The Comparator to DFL 304 is configured to compare fingerprints F(i) generated by the Source Processor 302 from source M to the fingerprints F(X) stored within the DFL. The comparator to DFL 304 is further configured to compare the current hierarchical security level L(M) of the source M to the hierarchical security level L(X) of the matching fingerprints F(X) from DFL and, in the case if L(M) is less than L(X), to set L(M) to equal to L(X).

Claims
  • 1. A method for automatically assigning a hierarchical security level to a source M of fingerprints F(i) of N-fragments K(i) with the initial hierarchical security level L(M) with the use of a digital fingerprint library containing fingerprints F(X) of N-fragments K(X) and their hierarchical security levels L(X), the method comprising the steps of: a. generating one or more fingerprints F(i) from the source M;b. detecting presence of fingerprint F(X) within DFL such that F(X)=F(i); andc. in presence of a match: i. comparing the current hierarchical security level L(M) of the source M to the hierarchical security level L(X) corresponding to the fingerprint F(X) matching the fingerprint F(i); andii. in the case when L(X)>L(M), setting L(M) to be equal to L(X).
  • 2. The method according to claim 1, wherein a fingerprint of an N-fragment is its hash value or the N-fragment itself.
  • 3. The method according to claim 1, that further comprises setting the initial hierarchical security level L(M) of the source M to the lowest possible value or according to another predefined rule if the security level L(M) is not assigned to M.
  • 4. The method according to claim 1, wherein the source M is a file or a database of fingerprints F(i), N-fragments K(i) or their sources.
  • 5. The method according to claim 1, wherein the step of generating a fingerprint F(i) from source M further comprises the step of generating an N-fragment K(i) from the source M first, followed by the generation of the fingerprint F(i) from the N-fragment K(i).
  • 6. The method according to claim 5, further comprising the step of generating N-fragments K(i) from a file M using the sliding window method.
  • 7. A system for automatically assigning a hierarchical security level to a source M of fingerprints F(i) of N-fragments K(i) and initial hierarchical security level L(M) using the digital fingerprint library DFL that contains fingerprints F(X) of N-fragments K(X) and their hierarchical security levels L(X), the system comprising: a. a Source Processor configured to determine the initial hierarchical security level L(M) of the source M and to generate fingerprints F(i) for comparison against DFL;b. a Comparator to DFL coupled to Source Processor and configured to: i. for fingerprints F(i) generated from the source M, detect presence of fingerprints F(X) in DFL such that F(i)=F(X); andii. in presence of the match, compare the current hierarchical security level L(M) of the source M to the hierarchical security level L(X) corresponding to the identified fingerprint F(X) such that F(X)=F(i) and, if L(X)>L(M), change the hierarchical security level L(M) of the source M to equal to L(X).

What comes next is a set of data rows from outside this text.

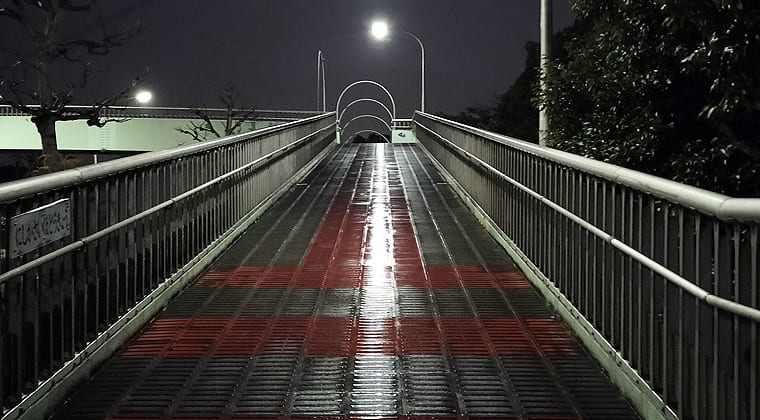 東京の東端からわたしのウォーキング記録（2026.2.25）2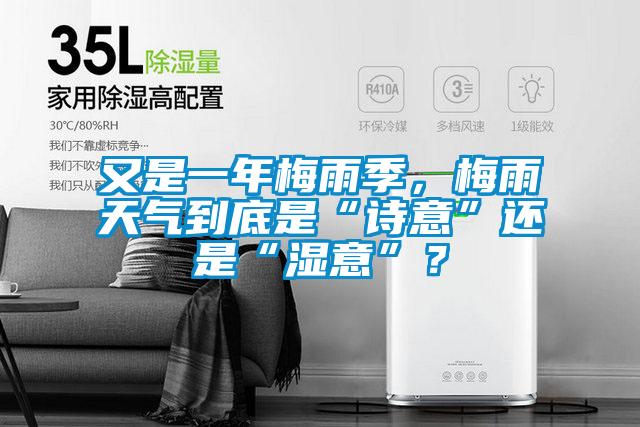 又是一年梅雨季，梅雨天氣到底是“詩意”還是“濕意”？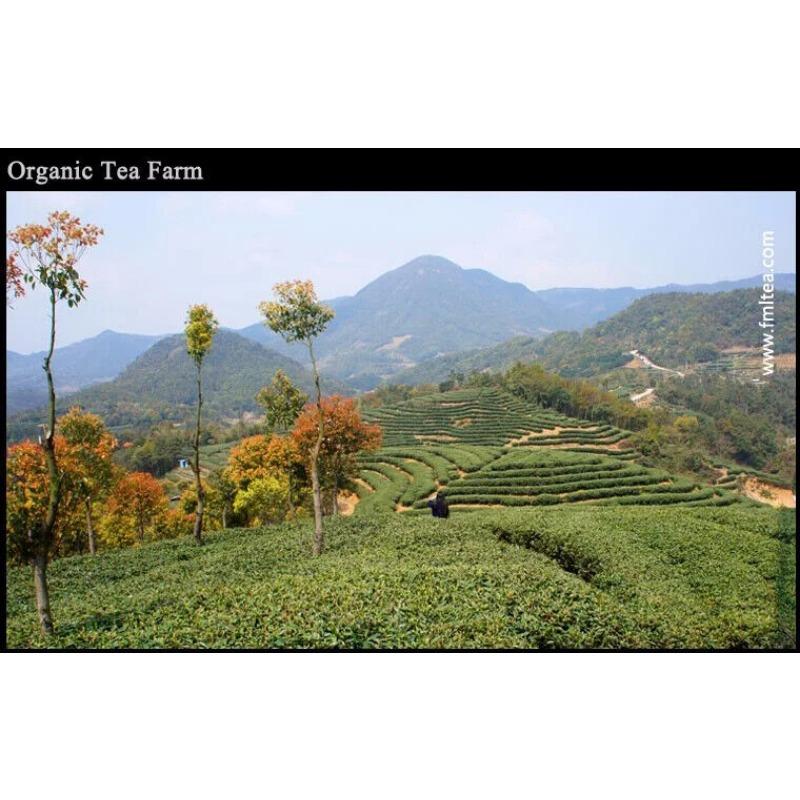 CIFbuy Organic Black tea Chinese loose leaf tea teabags PVC Box 18 packs 126g
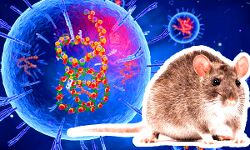 लासा बुखार से मरने वालों की संख्या 155 हुई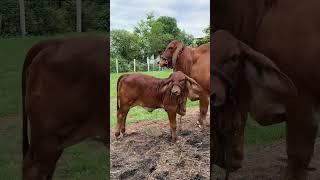 Thailand cow breed moust hewey bull cow cattlefarming livestockfarming cowfarming short [upl. by Arvid905]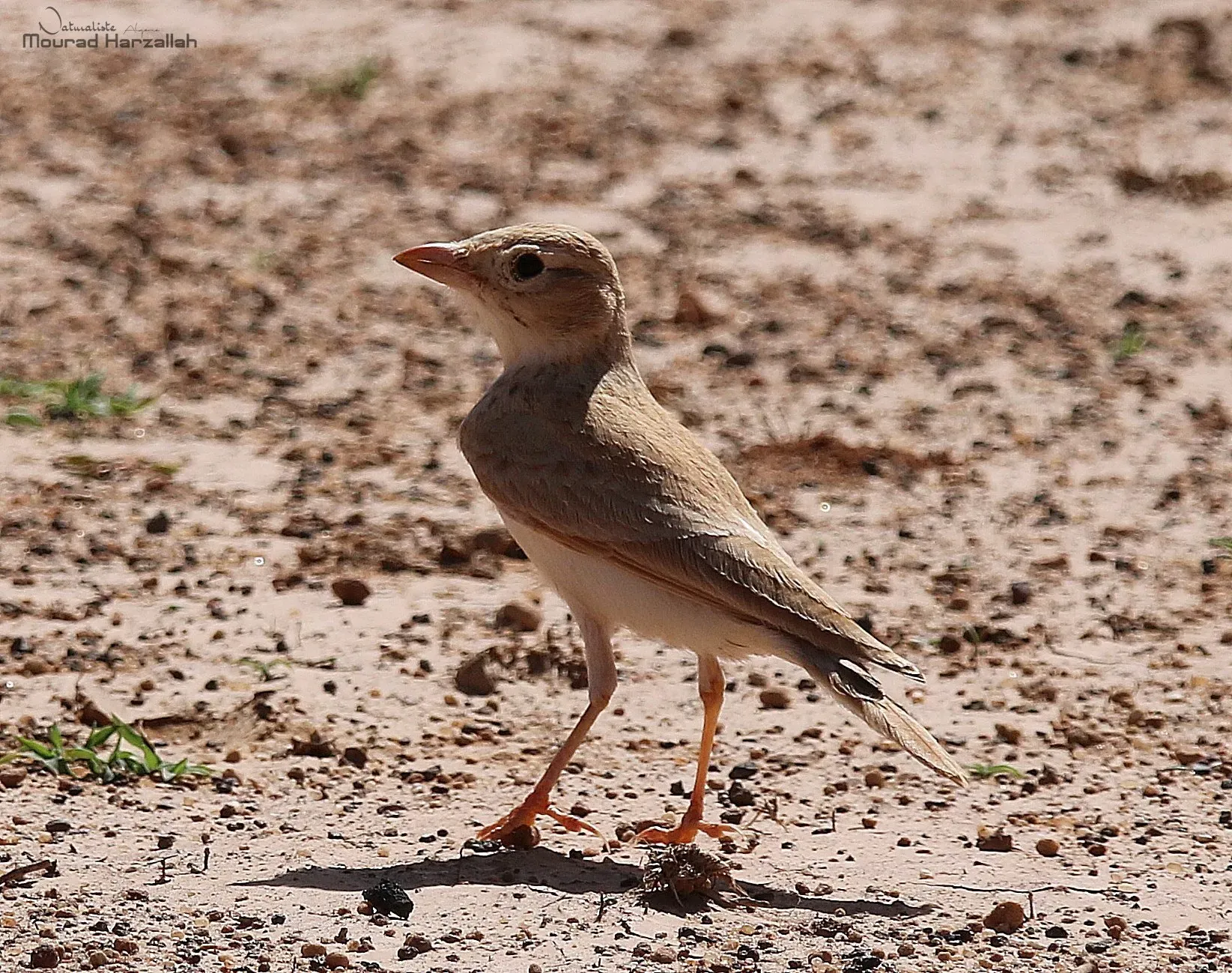 File:20181103 Eremalauda dunni.jpg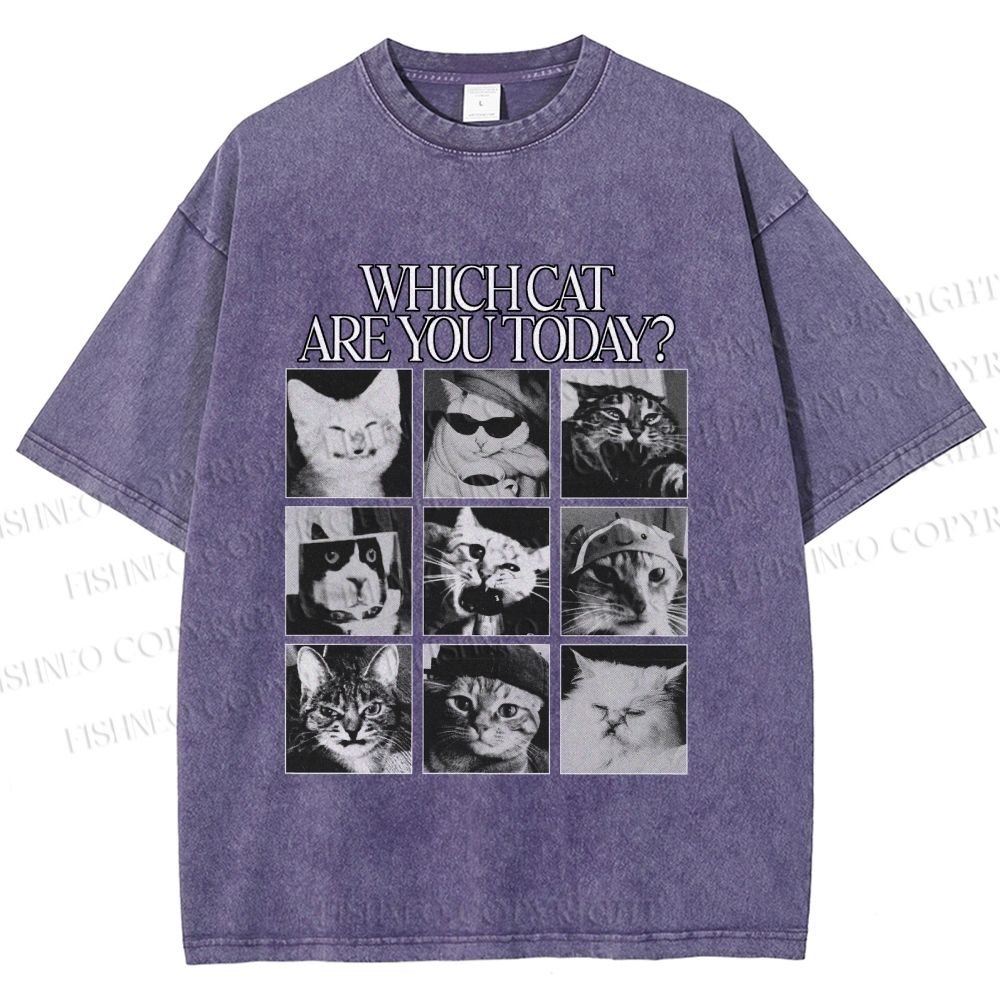 Unisex Which Cat Are You Today Printed Washed Tee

  • 8. The system according to claim 7, wherein the fingerprint F of the N-fragment K is its hash value or the N-fragment itself.
  • 9. The system according to claim 7, wherein the Source Processor sets the initial hierarchical security level L(M) of the source M to the lowest possible value or according to another predefined rule if that value is not set.
  • 10. The system according to claim 7, wherein the source M is a file or a database of fingerprints, N-fragments, or their sources.
  • 11. The system according to claim 7, wherein the source M is a file, and Source Processor extracts N-fragments from it using the sliding window process a part of the process of generation of fingerprints.